Ravens HC John Harbaugh defends decision to keep Jackson in against Browns with late lead

The Baltimore Ravens picked up where they left off in last year’s regular-season where they went into the playoffs riding a 12-game winning streak and looking like the best team in the league with their complete domination of the Cleveland Browns 38-6 in their season opener on Sunday.

Baltimore was clearly the better team on the day and was able to execute their game plan on both sides of the ball with relative ease.

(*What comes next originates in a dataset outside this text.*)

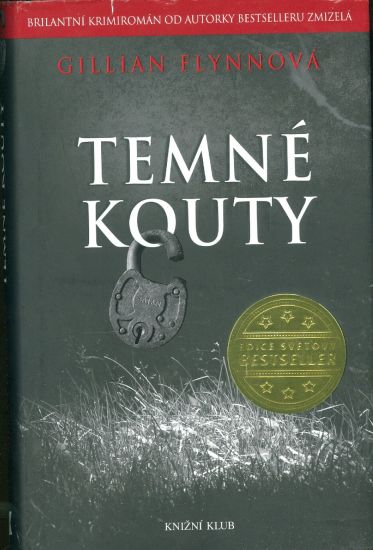 Temne kouty - Flynnova Gillian | antikvariat - detail knihy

They showed more balanced on offense and their defense avenged their last loss in the regular season in 2019 where the Browns gashed them for nearly 200 yards on the ground by mostly keeping Cleveland’s run game in check outside of a few chunk-runs early on.

The Ravens had already built an insurmountable 32-point lead with just over 13 minutes left in the fourth quarter and with the way the Browns were playing as a whole, not even the comeback king himself, Patrick Mahomes of the Kansas City Chiefs could have brought them back from the brink of the embarrassing and certain defeat.

With victory well in hand, reporters in attendance and many fans watching at home that didn’t have rooted fantasy interest vested in the reigning league MVP assumed that quarterback Lamar Jackson would be done for the day following the sixth and final scoring drive he led in yet another outstanding Week One performance where he threw for three touchdowns, had just five incompletions and a near-perfect passer rating of 152.1.

Last season Jackson spent most of the fourth quarters in the regular season on the bench basking in or avoiding the sun while soaking up the taste of sweet victory after he had built up one insurmountable lead after another on a seemingly weekly basis. His Primary backup since he has been a rookie has been former second overall pick and fellow Heisman Trophy winner Robert Griffin III.

The eight-year veteran saw plenty of action in cleanup and closeout duty last season when the Ravens were up big and even got to start a game for the first time since 2017 when he was a member of the Browns in Week 17 when Baltimore already had the AFC North crown, a first-round bye and the top seed in the AFC locked up and decided to rest several starters in the finale, including Jackson.

The wide sweeping assumption was that after rookie J.K. Dobbins punched in his second touchdown of the game, that the ensuing offensive drive and the ones that followed the rest of the way would be led by Griffin. However, Jackson returned for one last drive where the offense went three and out and he was sacked for a seven-yard loss.

The decision to trot out Jackson for another drive puzzled many not within the organization who were watching within the confines of M&T Bank Stadium and watching from home abroad. They were wondering why the Ravens would expose the best and most important player on the team of which your entire championship hopes hinge to additional and unnecessary injury risk with the first win of the season all but wrapped up in a pretty purple bow.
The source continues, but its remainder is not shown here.